I think it'd be kind of nice to see a 100-300 f/4 zoom, a good companion to the 24-105. Throw on a 1.4X and you have a nice 140-420 f/5.6 zoom which is also useful.

Then again, the 100-400 II covers this pretty nicely.


----------



## Tom W (Oct 4, 2019)

SteveC said:


> Well, it's worth a try.
> 
> Canon won't make an M5 II!!! Waaaaaaah!!!!!!



LOL - yes they will. They started making it yesterday, right after I received my M6 II.


----------



## SteveC (Oct 4, 2019)

Tom W said:


> LOL - yes they will. They started making it yesterday, right after I received my M6 II.



You only THINK that's a joke...

According to Canon News there's a patent that looks like a new version of the 11-22mm M series lens.

I just bought mine yesterday.


----------



## neuroanatomist (Oct 4, 2019)

melgross said:


> A 70-240 f4 that’s not an L version. How odd. An f4-6.3 that’s not an L, I would understand.


What makes you think it’s not an L?


----------



## melgross (Oct 4, 2019)

neuroanatomist said:


> What makes you think it’s not an L?



I'm just going by the designation given here. If he suspected it might be an L, he would have said so. He usually expresses skepticism at things he thinks are suspicious. He also said “affordable offerings”. It seems as though these two lenses are some of those.

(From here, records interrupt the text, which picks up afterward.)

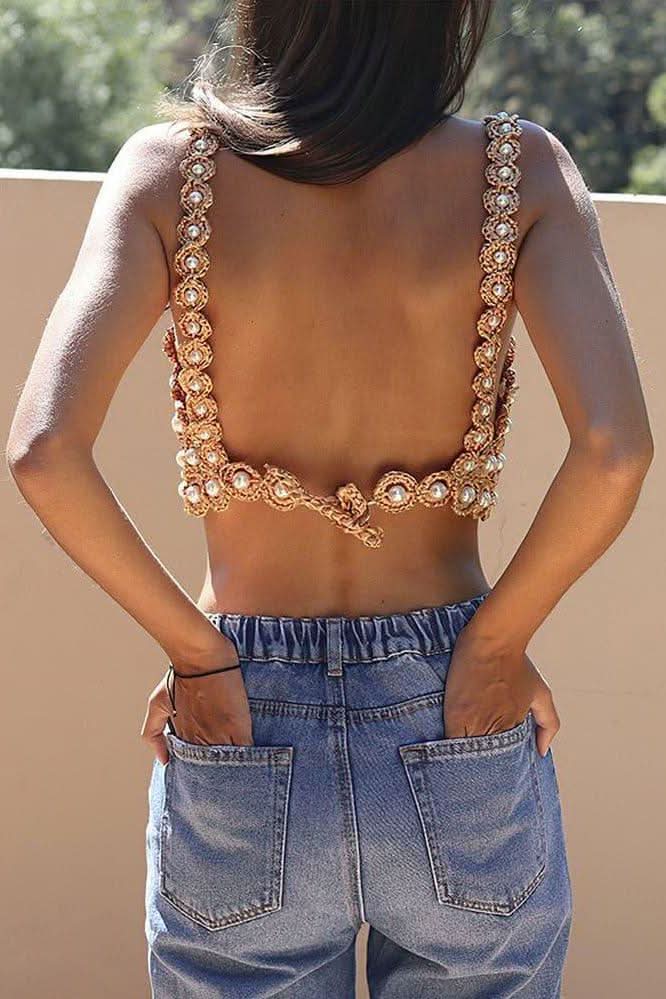 Hand-crocheted sleeveless beaded slim top - Detail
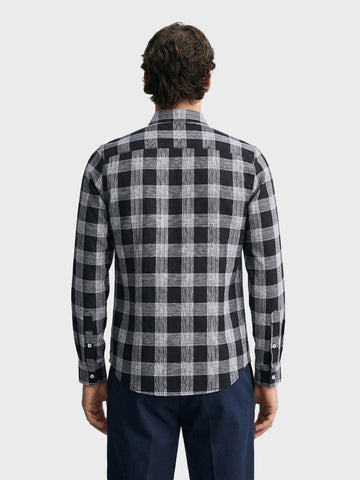 Men's Black Slim Fit Checked Casual Shirt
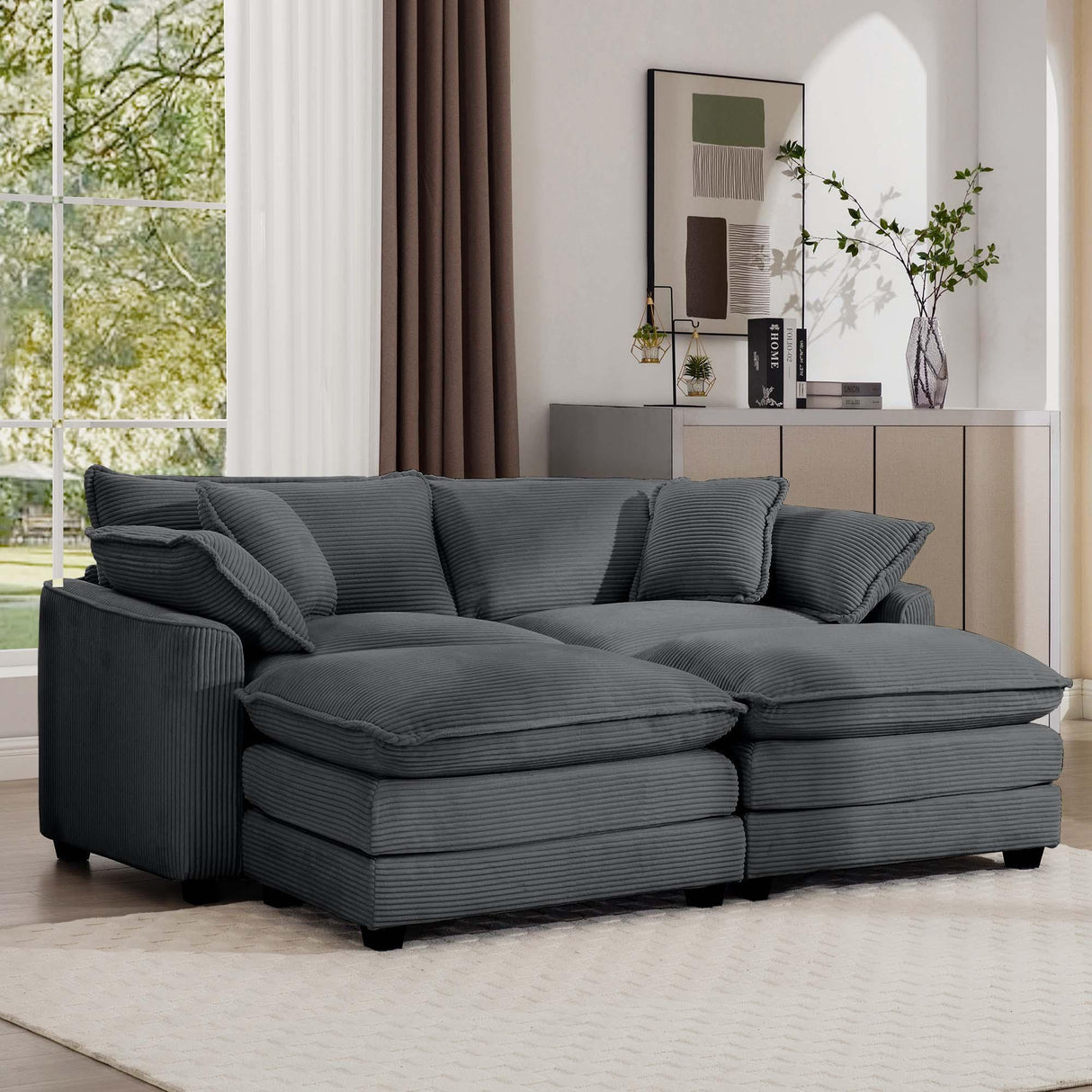Modern Oversized Modular Cushion Sofa With Ottoman, Low Back, Deep Seating Sofa Set - Furniture Home Direct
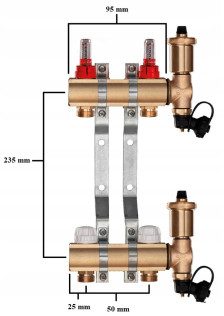 Rozdzielacz do ogrzewania podłogowego C.O 2 + ZŁĄCZKI PEX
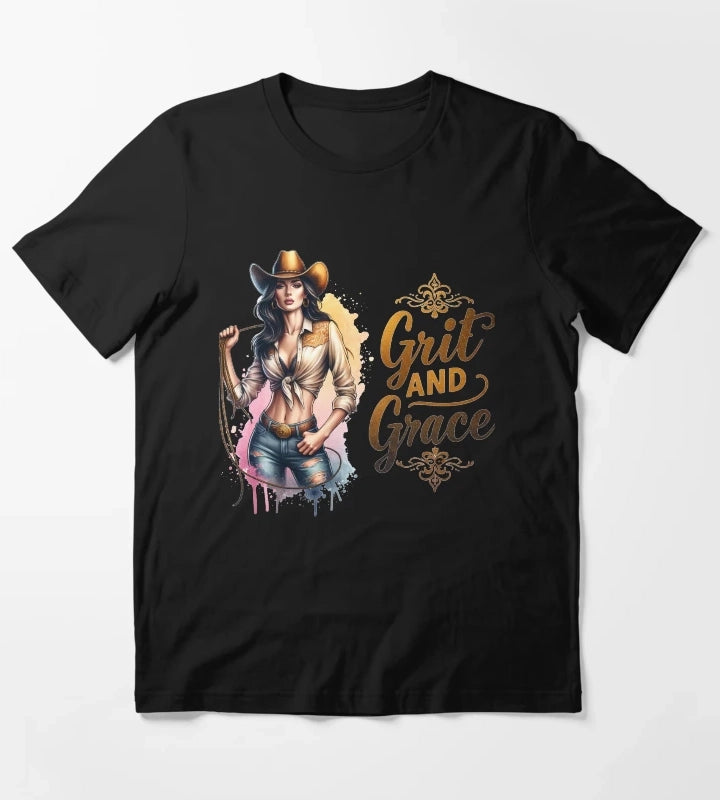 Grit and Grace Cowgirl with Hat and Lasso Design for Apparel Mugs Stickers More T-Shirt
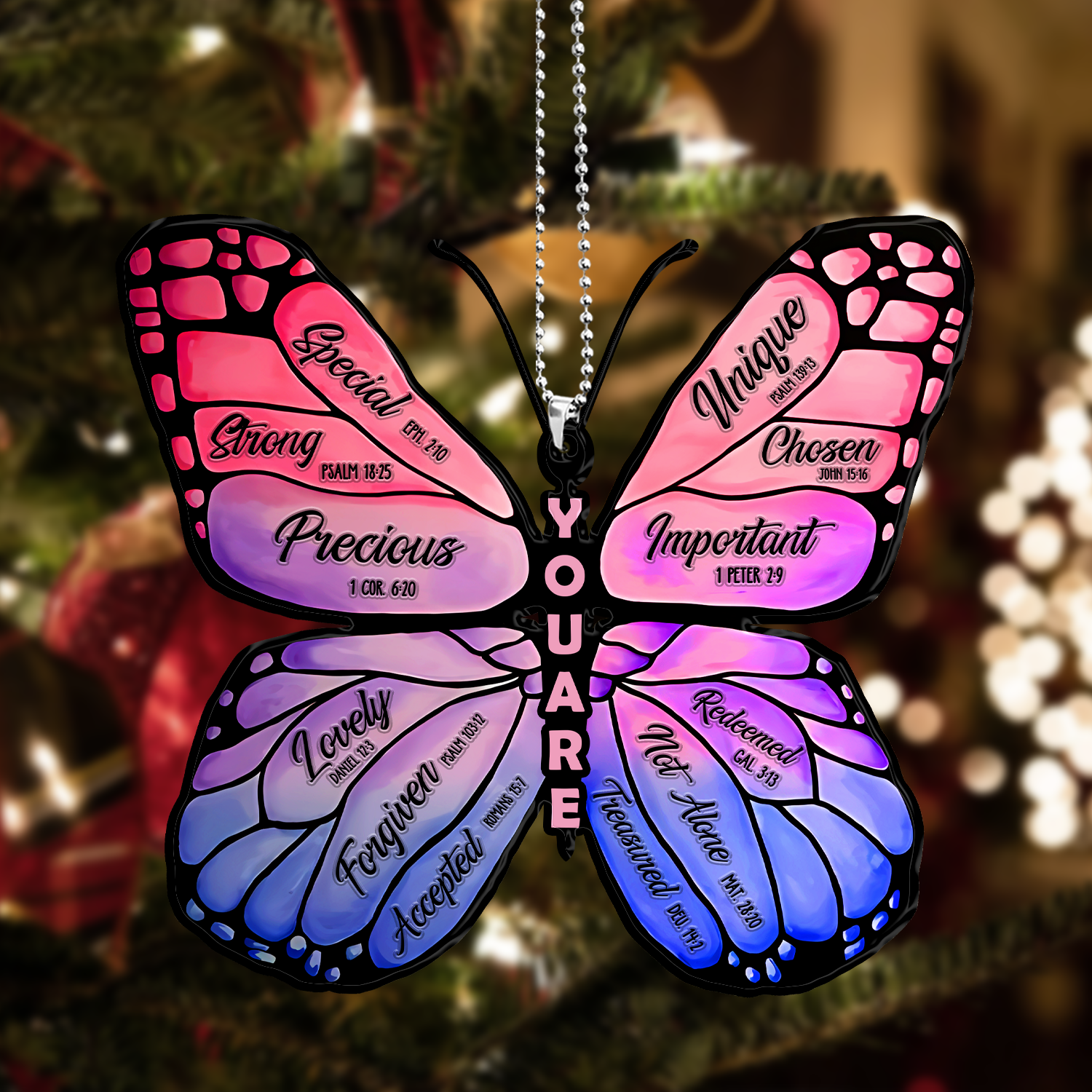 Pink Blue Butterfly You Are Identity In Christ Ornament Christmas Gift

i hope this is an affordable f4. That would be something.


----------



## Pape (Oct 4, 2019)

SteveC said:


> Well, it's worth a try.
> 
> Canon won't make an M5 II!!! Waaaaaaah!!!!!!


They make it when getting digic 9 and can do full video with 32mpix sensor


----------



## neuroanatomist (Oct 4, 2019)

melgross said:


> I'm just going by the designation given here. If he suspected it might be an L, he would have said so. He usually expresses skepticism at things he thinks are suspicious. He also said “affordable offerings”. It seems as though these two lenses are some of those.
> 
> i hope this is an affordable f4. That would be something.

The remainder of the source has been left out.